Officials praise the progress spurred by the 2014 study

    The comprehensive housing study for Crookston completed in 2014 is going to be infused with some fresh data and recommendations.

    The Crookston Housing and Economic Development Authority paid $14,000 for the study, which was based off a housing snapshot of Crookston in 2013. The updated study, to be completed by the same firm that conducted the initial study, Community Partners, will cost CHEDA $8,900.

    “In (the time since the previous study was done), we’ve done a lot of stuff in the field of housing, but we’re still short in a couple areas,” CHEDA Executive Director Craig Hoiseth says. “This study drives investment, and if it doesn’t reflect the situation squarely, investors in the community might pull back a little bit.”

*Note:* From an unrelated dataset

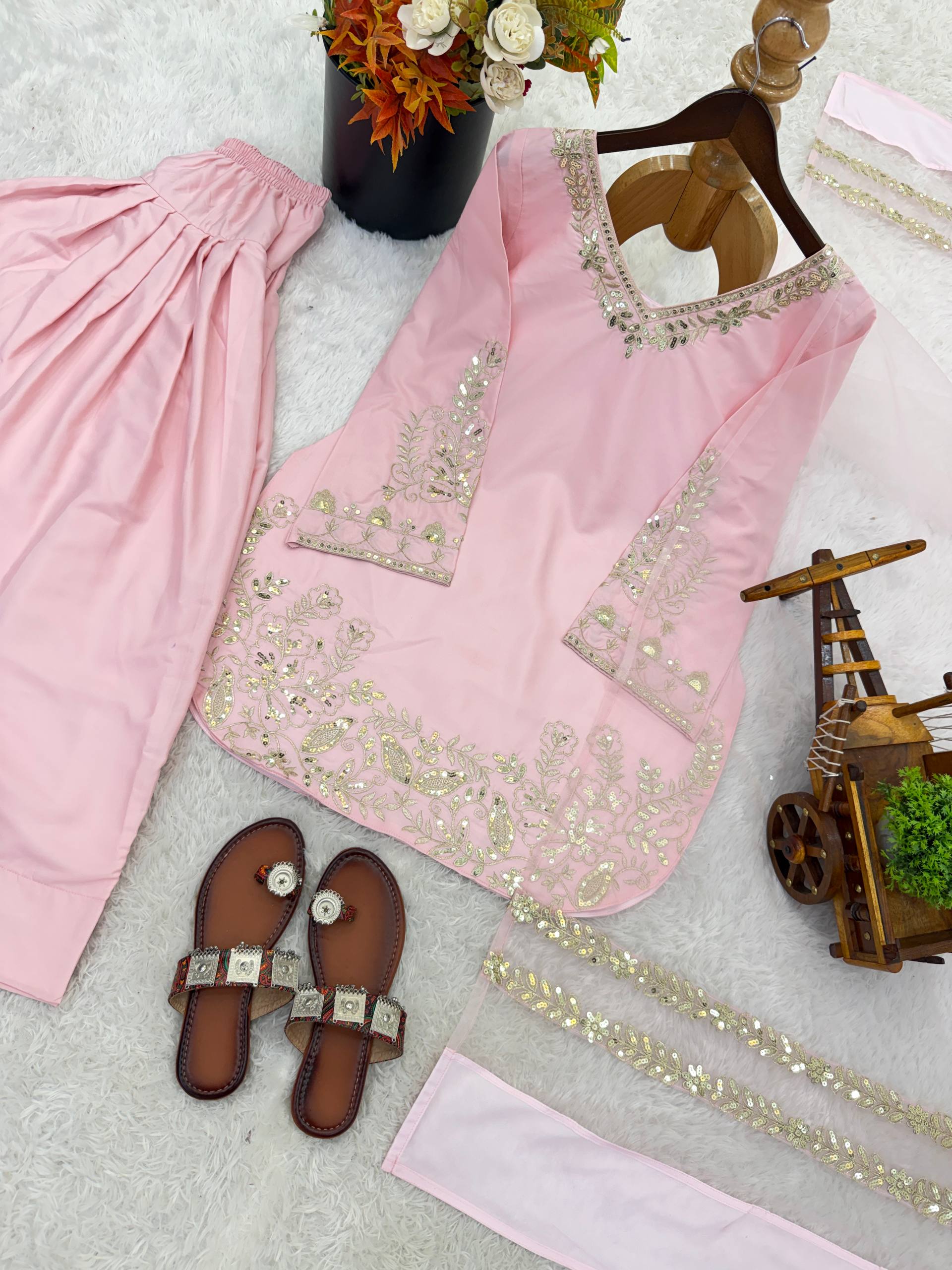 Luxury Blush Pink Embroidered Kurta Farshi Pant Dupatta Set for Women
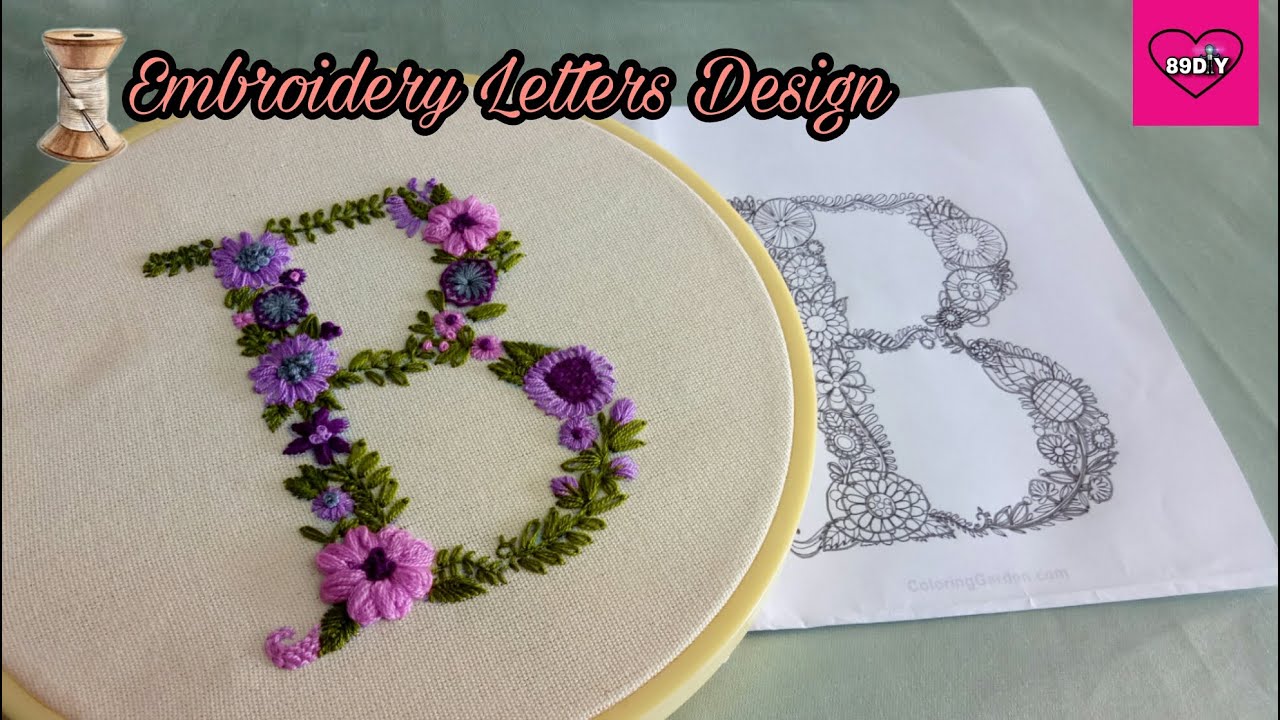 Amazing hand embroidery Letter B embroidery idea flowers letter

    Since the previous study’s completion in 2014, a new market-rate apartment complex has been constructed and is now fully occupied, and “workforce housing” in the form of the 30-unit Agassiz Townhomes development on North Broadway has been approved and groundbreaking is pending. Homes have been built and sold in Crookston’s northeast corner as well, mostly along Barrette Street and Eickhof Boulevard. Apartment renovations on the upper floors of downtown buildings continue as well.

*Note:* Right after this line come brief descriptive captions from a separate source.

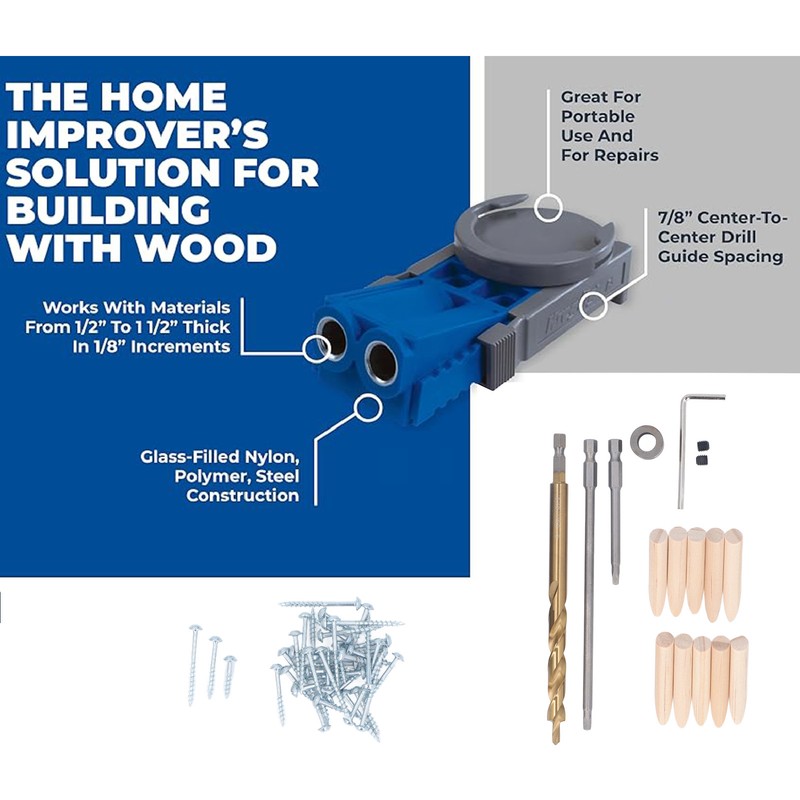 Pocket Hole Jig Set 9 Depth Settings 15 Degree Inclined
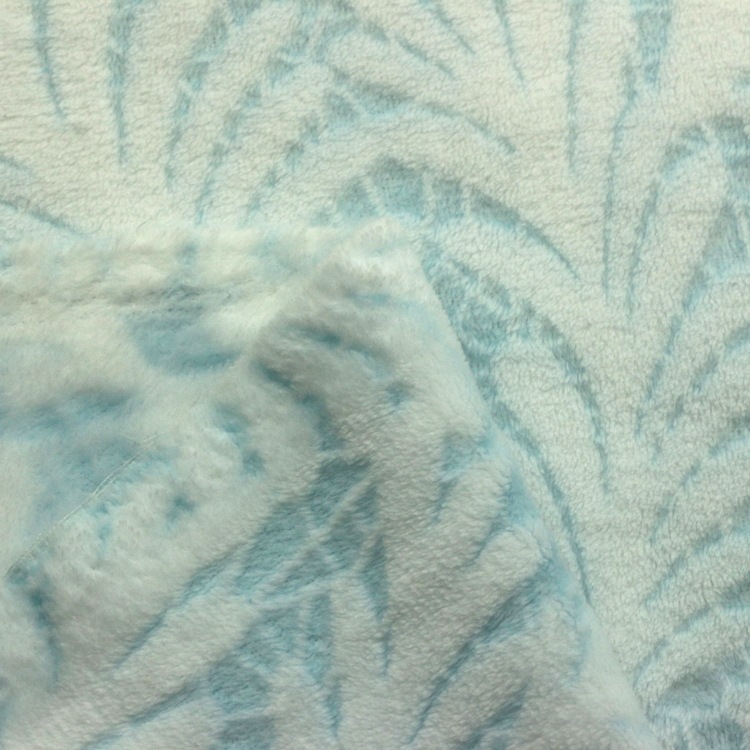 全涤双色双面印花法兰绒芦苇烧花法莱绒烂花法兰绒布服装家纺面料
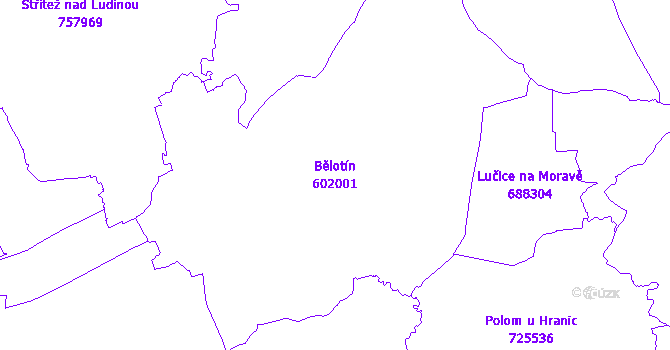Katastrální mapa Bělotín - přehledová mapa katastrálního území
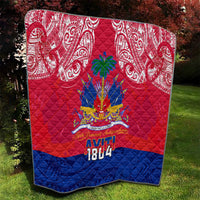 Haiti Independence Day Quilt Libete Egalite Fratenite Ayiti 1804 With Polynesian Pattern - Wonder Print Shop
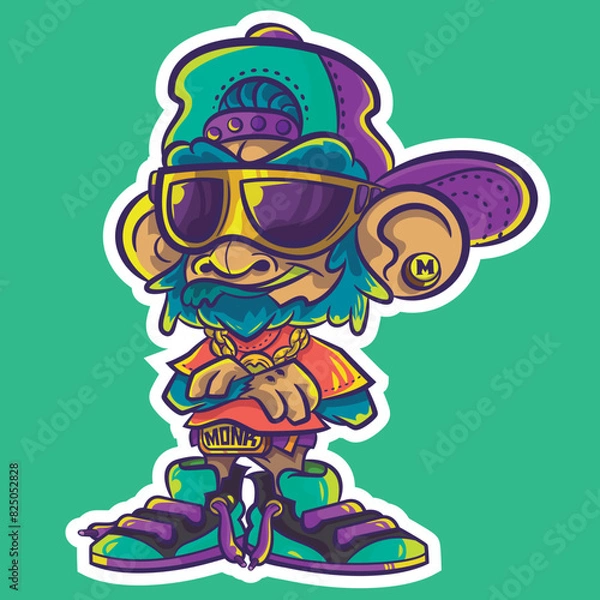 Obraz Monkey vector, vibe, street art, vector illustration, label vector.eps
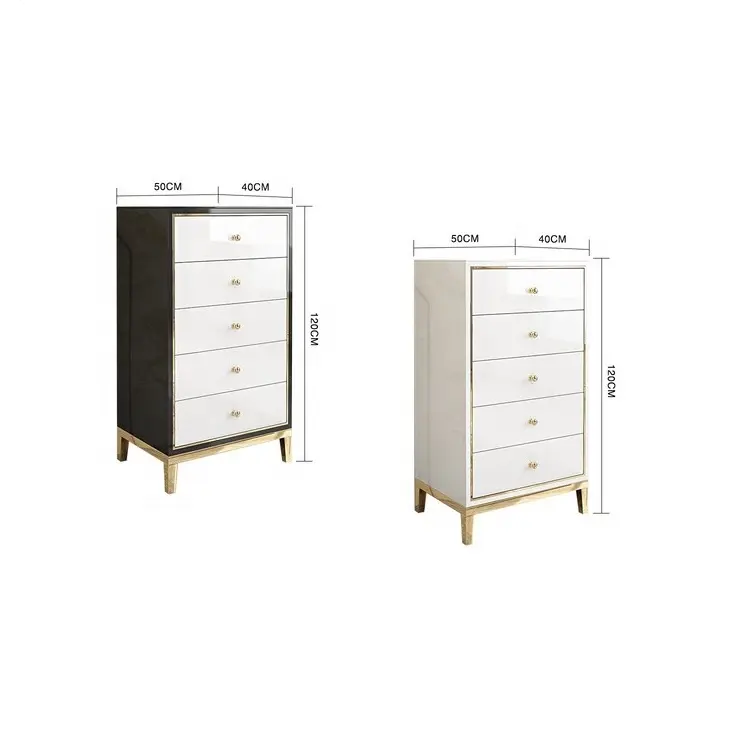 Moderno de oro de lujo de aparador de madera de muebles de alto brillo blanco dormitorio 6 cajones aparador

    Hoiseth says the updated study will likely show that Crookston is “very short” on housing for those 55 and older making the transition into retired life.

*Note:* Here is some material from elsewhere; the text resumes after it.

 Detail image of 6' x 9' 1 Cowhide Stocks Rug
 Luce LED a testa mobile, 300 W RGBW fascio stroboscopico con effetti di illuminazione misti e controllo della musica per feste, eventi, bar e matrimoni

    “The current study was very instrumental in some of the things that have happened,” says City Administrator Shannon Stassen. “An update will be very valuable; the community is 3 1/2 years older, so likely the 55 and over need has only increased since 2013.”

    “These studies, if you wait 10 years to revisit them, pretty much everything is invalid,” Hoiseth said. “We’re doing a lot of good things, but we don’t want to lose sight of what the target is. You don’t grow a community if you don’t have available housing.”

    Community Partners will be represented at a CHEDA Board of Directors meeting in the fall to find out exactly what CHEDA hopes to get out of the updated study.

    “We’re not trying to push the market or anything, but we need some vacancy signs out there,” Hoiseth added.